[[ Information shown, beginning ]]
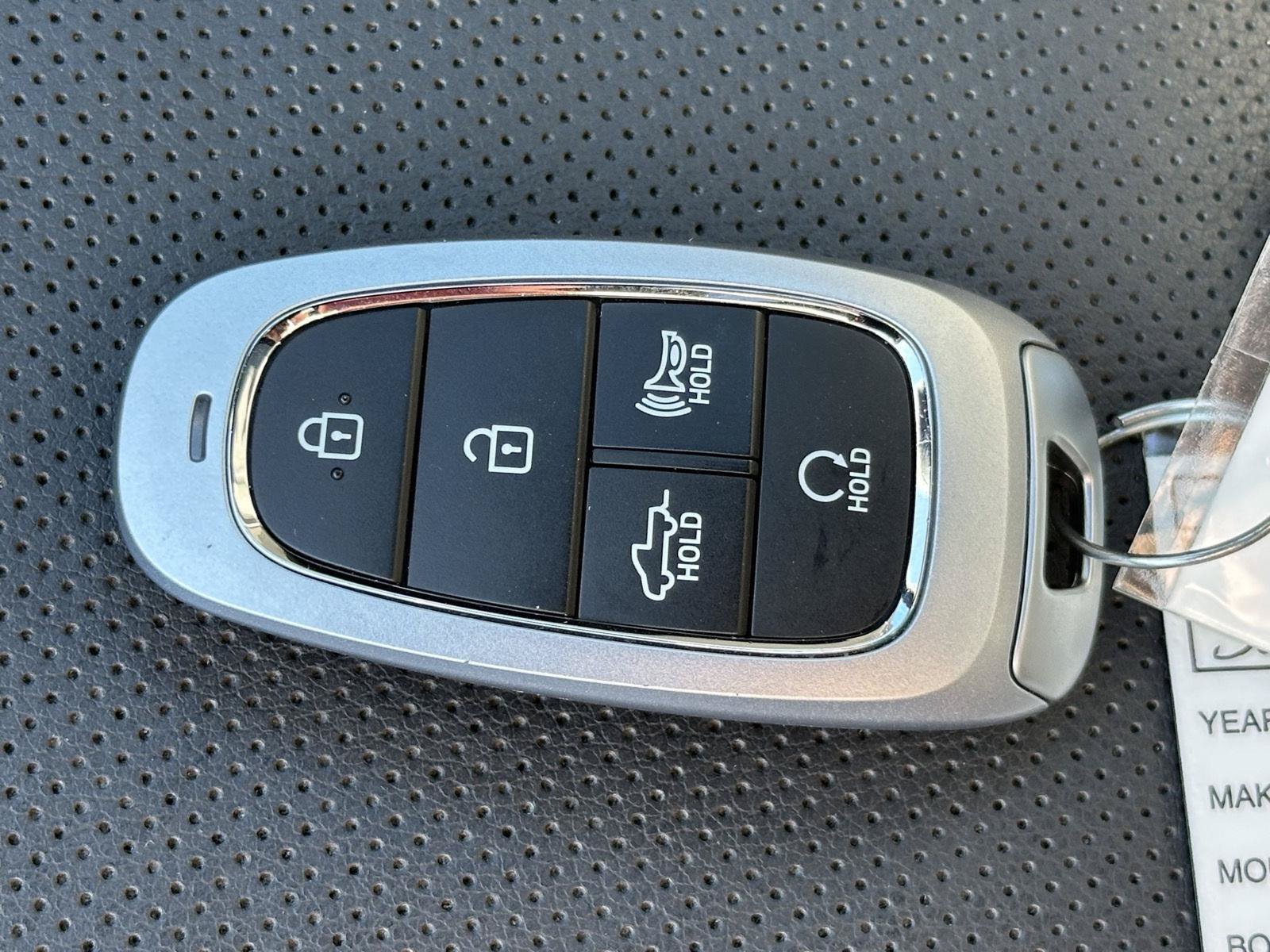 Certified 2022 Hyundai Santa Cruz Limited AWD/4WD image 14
[[ Information shown, end ]]
[[ Information shown, beginning ]]
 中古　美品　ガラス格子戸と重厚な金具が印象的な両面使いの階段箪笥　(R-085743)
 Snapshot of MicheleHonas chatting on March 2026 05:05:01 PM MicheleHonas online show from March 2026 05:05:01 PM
[[ Information shown, end ]]
[[ Information shown, beginning ]]
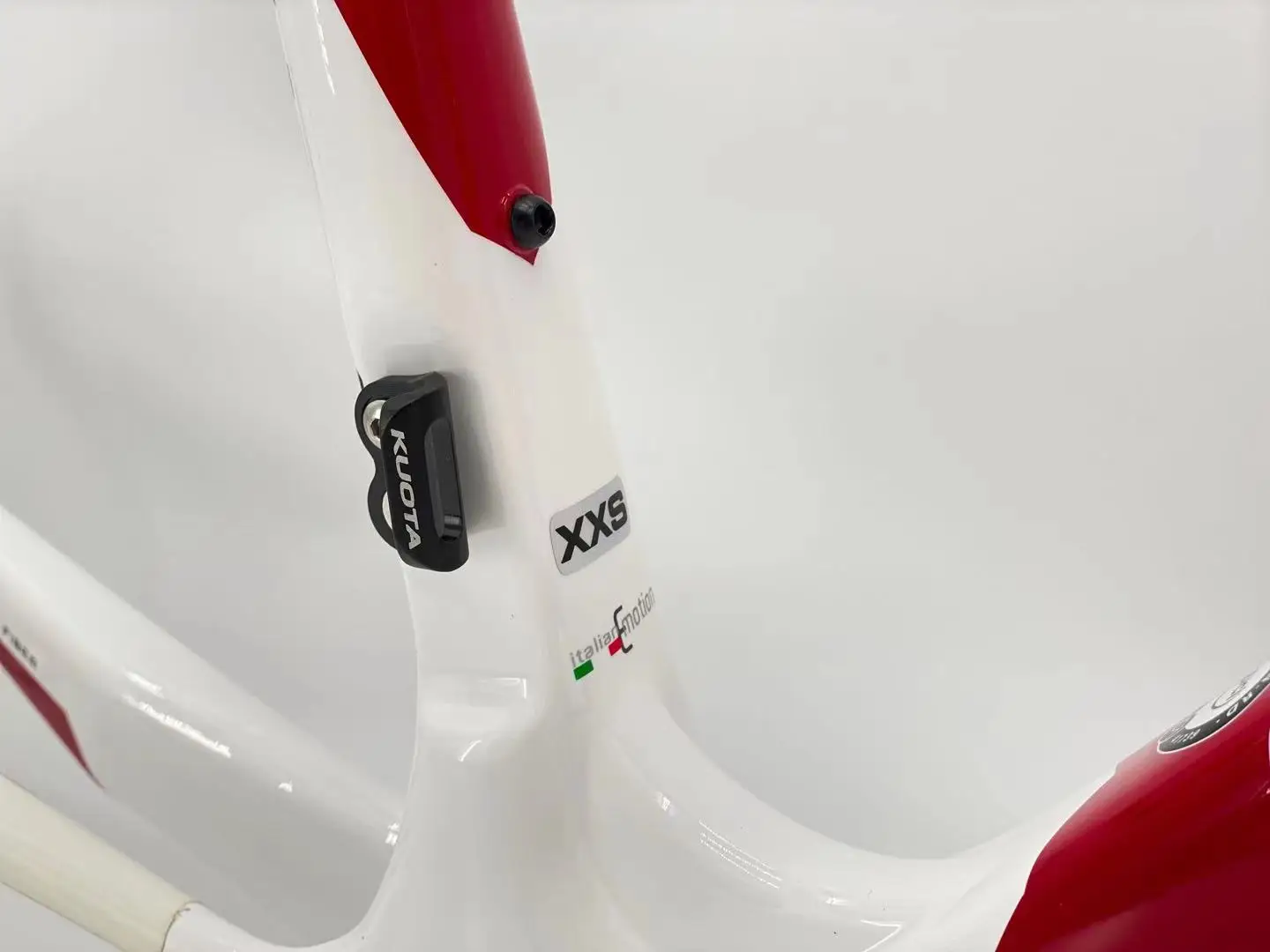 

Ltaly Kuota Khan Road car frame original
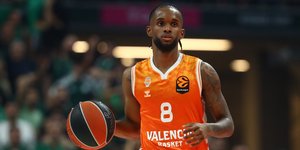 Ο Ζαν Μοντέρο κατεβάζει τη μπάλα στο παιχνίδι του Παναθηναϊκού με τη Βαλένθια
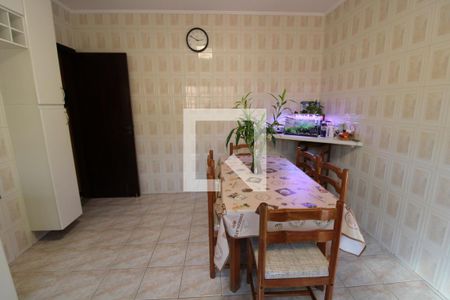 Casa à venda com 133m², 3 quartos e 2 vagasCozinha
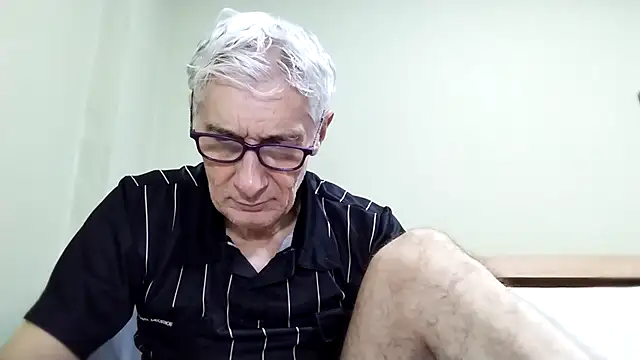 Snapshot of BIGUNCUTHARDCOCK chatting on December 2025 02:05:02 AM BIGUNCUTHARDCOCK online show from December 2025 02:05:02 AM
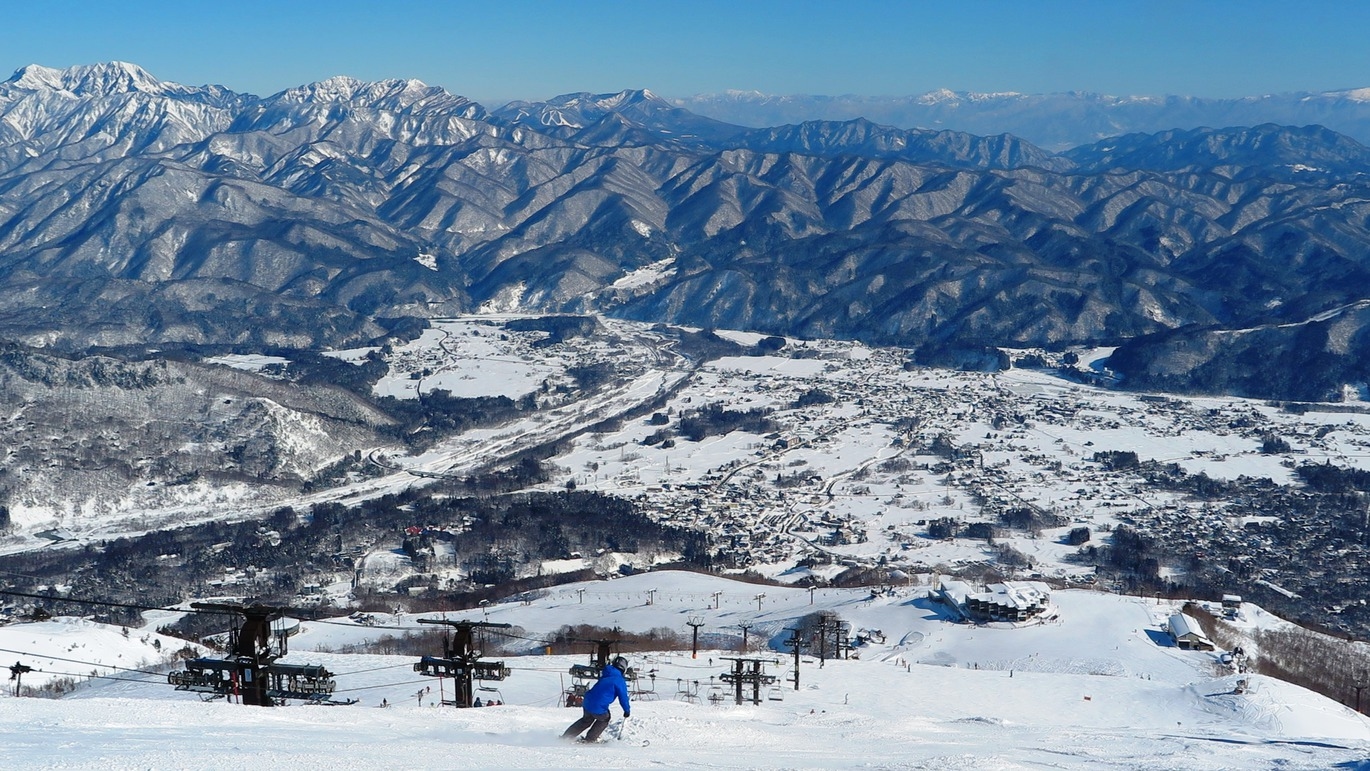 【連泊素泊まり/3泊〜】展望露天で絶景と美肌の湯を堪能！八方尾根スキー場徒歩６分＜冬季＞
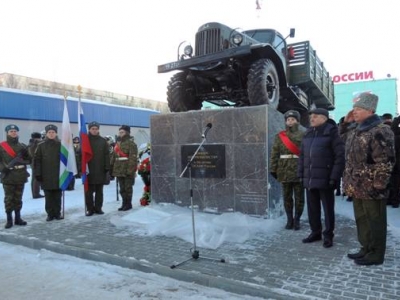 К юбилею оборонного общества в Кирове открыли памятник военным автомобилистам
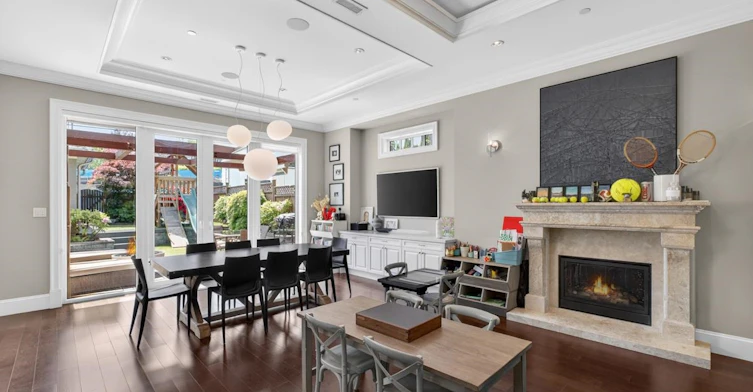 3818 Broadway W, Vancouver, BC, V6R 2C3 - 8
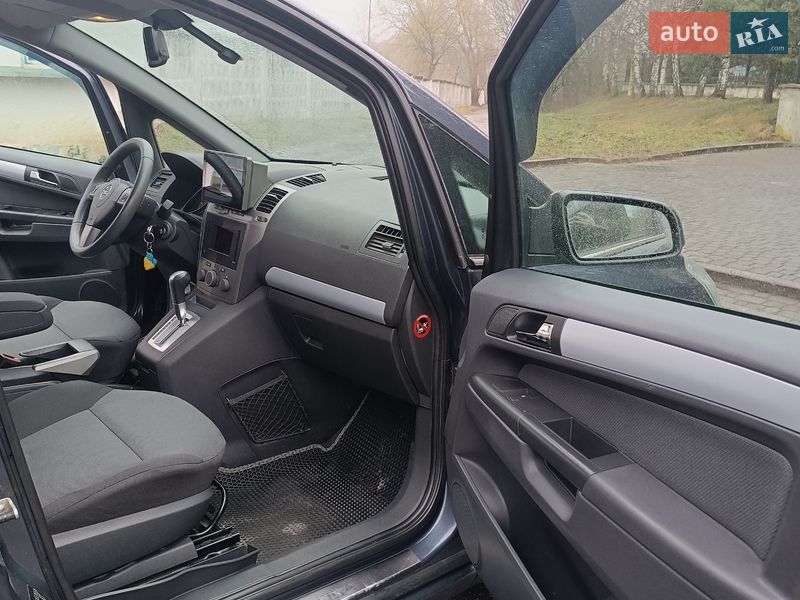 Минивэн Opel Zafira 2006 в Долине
[[ Information shown, end ]]
> _What you have to do_: When you reach the line with "Ltaly Kuota Khan Road car frame original" in the records above, begin repeating the lines exactly, and stop after the line with "Минивэн Opel Zafira 2006 в Долине". Skip all pictures.

> _Answer section_:
Ltaly Kuota Khan Road car frame original
 Ο Ζαν Μοντέρο κατεβάζει τη μπάλα στο παιχνίδι του Παναθηναϊκού με τη Βαλένθια
 Casa à venda com 133m², 3 quartos e 2 vagasCozinha
 Snapshot of BIGUNCUTHARDCOCK chatting on December 2025 02:05:02 AM BIGUNCUTHARDCOCK online show from December 2025 02:05:02 AM
 【連泊素泊まり/3泊〜】展望露天で絶景と美肌の湯を堪能！八方尾根スキー場徒歩６分＜冬季＞
 К юбилею оборонного общества в Кирове открыли памятник военным автомобилистам
 3818 Broadway W, Vancouver, BC, V6R 2C3 - 8
 Минивэн Opel Zafira 2006 в Долине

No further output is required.